One explanation for Sweden’s unique COVID-19 response has been the high trust Swedes have had in their government, historically. That trust has started to slip in recent years, with a divergence between those supporting the rising far-right and those more committed to Sweden’s historical values. Löfven was barely able to maintain his position as prime minister after our last election in 2018, and he did so by abandoning even more of Sweden’s famous Social Democratic policies, continuing a rightward trend.
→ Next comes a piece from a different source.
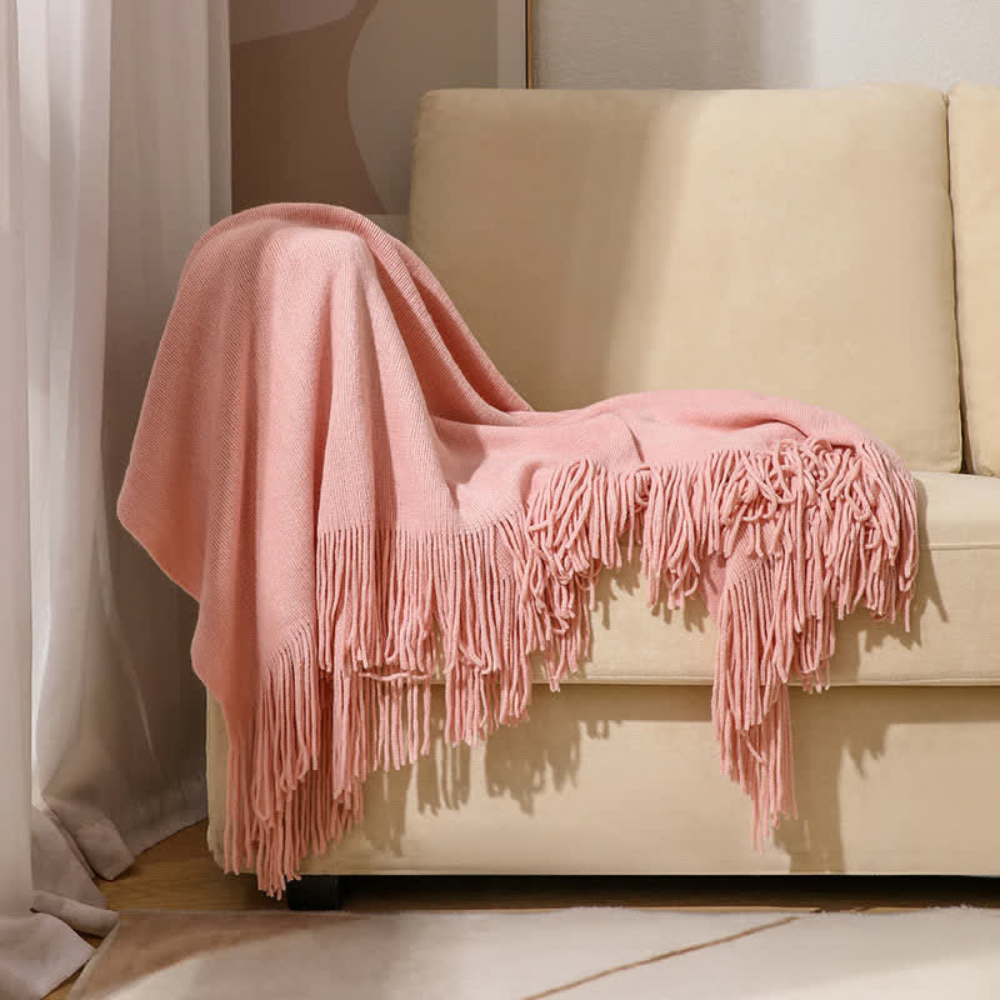 Grob gestrickte Decke mit Quasten
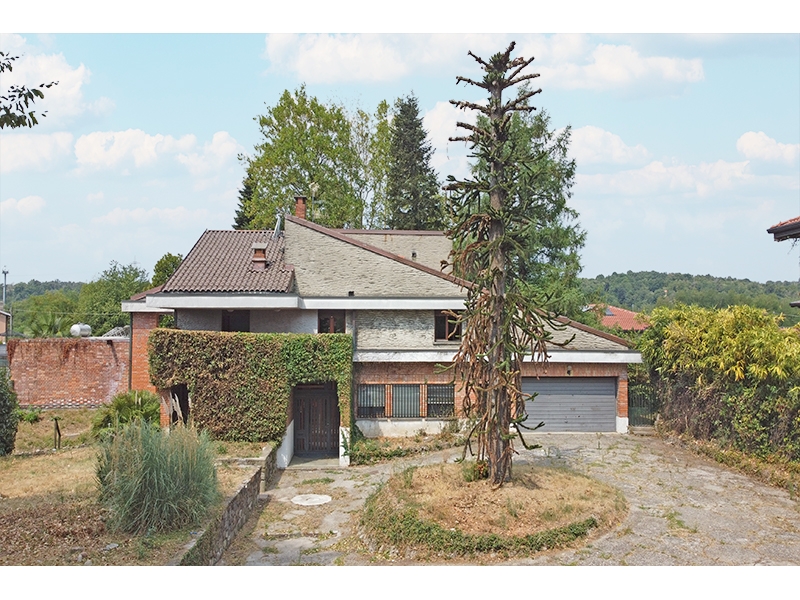 Villa con giardino a Castiglione Olona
The trust in government, though, has returned amid COVID-19. In my view, this has been a way for citizens to project responsibility onto authorities while being let off the hook for their own recklessness.
The Sweden of my youth, meanwhile, was still steered by the idea of folkhemmet (“the people’s home”), developed mainly in the 1930s and 1940s. It offered a safe midway point between socialism and capitalism that attracted many human rights leaders, while avoiding communism’s brutal suppression of individual liberty or the destructive and reckless impoverishment of those deemed “losers” in cutthroat American capitalism. Most of what American progressives romanticize Sweden for—from our generous parental leave to free higher education—has its roots in this.
“The people’s home,” though, is also unfortunately very much connected to the guiding Swedish principle of lagom—just the right amount. What lagom has come to mean in Sweden during COVID-19 is what it usually means: that no one should stick out (paradoxically this is exactly what Sweden is doing internationally). And lagom is in turn tied to a culture of conflict avoidance that can be found in quotidian Swedish life, but also in very unflattering ways throughout history—such as during the Second World War, when the country maintained strict neutrality. There exists in Sweden a cowardly strain of passivism and moral superiority that has echoed since. And here we are again, where the likely preventable deaths of almost 2,500 and counting are lamented as unfortunate, but acceptable.
Many Swedes do reflect critically over Sweden’s COVID-19 response. And increasingly so. Many—but still far too few—respect social distancing to some degree. But this period seems likely to become a historical note as shameful as when Sweden let the Germans march through Norway.
Sweden’s peculiar cultural attributes, the idea of lagom, unbounded trust in state experts, and an internalized sense of exceptionalism have mainly served Sweden well. But in a global crisis, they become a liability. It is still possible that Sweden’s COVID-19 response could be exonerated—say, herd immunity does take effect and Sweden’s death rate is lower than neighboring countries’ at some point down the road. This seems highly unlikely, but still possible. In the end, though, it doesn’t really matter. There’s no way of knowing how things are going to pan out, and for Sweden alone to gamble on a strategy that already seems to be backfiring spectacularly is cavalier, irresponsible, and supercilious. And perhaps so very Swedish.
Update, May 6, 2020: This was updated to clarify that the Swedish press has begun to cover those who have died from COVID-19, their families, and health care workers more frequently. It has also been updated to clarify that the prime minister has addressed coronavirus in scattered briefings and that a proportion of Swedes respect social distancing to some degree.